For those lucky enough to go to university, Freshers' Week – and all that goes with it – can be life-altering. A mixture of first-day nerves and a lack of authority, multiplied by a wallet full of student loan money; it's a chance for provincial dweebs to reinvent themselves as urban raconteurs as they meet new friends.

It's this odd melting pot that the writers behind C4's new show Fresh Meat – including Peep Show's Sam Bain and Jesse Armstrong – have tapped in to to create the first major UK series about students for years.

Students have been weirdly undercovered on UK TV, but C4's successes with Skins, The Inbetweeners and Misfits have given the broadcaster the confidence to commission an eight-parter about the lives of six of them.

We meet them all in the first episode of Fresh Meat – from the immediately in-love Kingsley (Inbetweener Joe Thomas) and Kimberley Nixon's Josie, to Jack Whitehall's grotesque public schoolboy JP, insecure fibber Oregon and near-feral third-year Gary.

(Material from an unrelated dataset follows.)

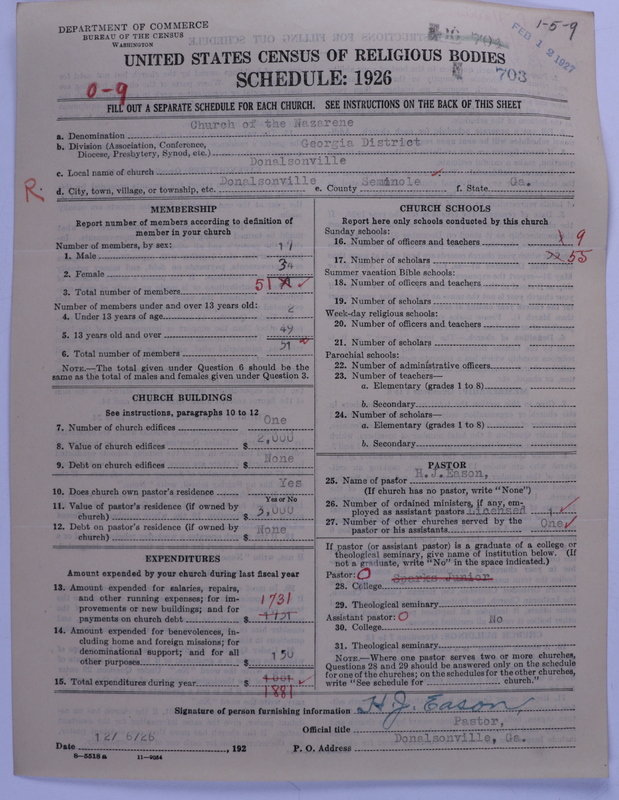 Scan of Church of the Nazarene: 703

Many will recognise the characters' behaviour from their first week, a time when braggadocio collides with the reality of being an 18-year-old from the suburbs. Watching Fresh Meat certainly engendered me with feelings of both nostalgia and retrospective cringe.

Especially the scenes of the awkward flirtation with Josie and Kingsley as they both battle shyness, homesickness and hangovers while circling each other like pathetic lovestruck dogs.

It's this storyline that reminded me of my own terrified arrival in Cardiff halls in 2003. As I arrived, a couple of people, including a pretty blonde girl, were hanging around in the kitchen. Rather than stop and chat, I did the obvious thing and dashed to my room for the important job of arranging my CDs on the nearest shelf.

Eventually I emerged and began to get to know my flatmates. This led to the students' union and – with liquid courage – minor attempts to flirt with the blonde girl.

That week passed in a blur of club nights and adventures into the Bacchanalian conflict zone that is St Mary's Street. I may have fallen off a wall too.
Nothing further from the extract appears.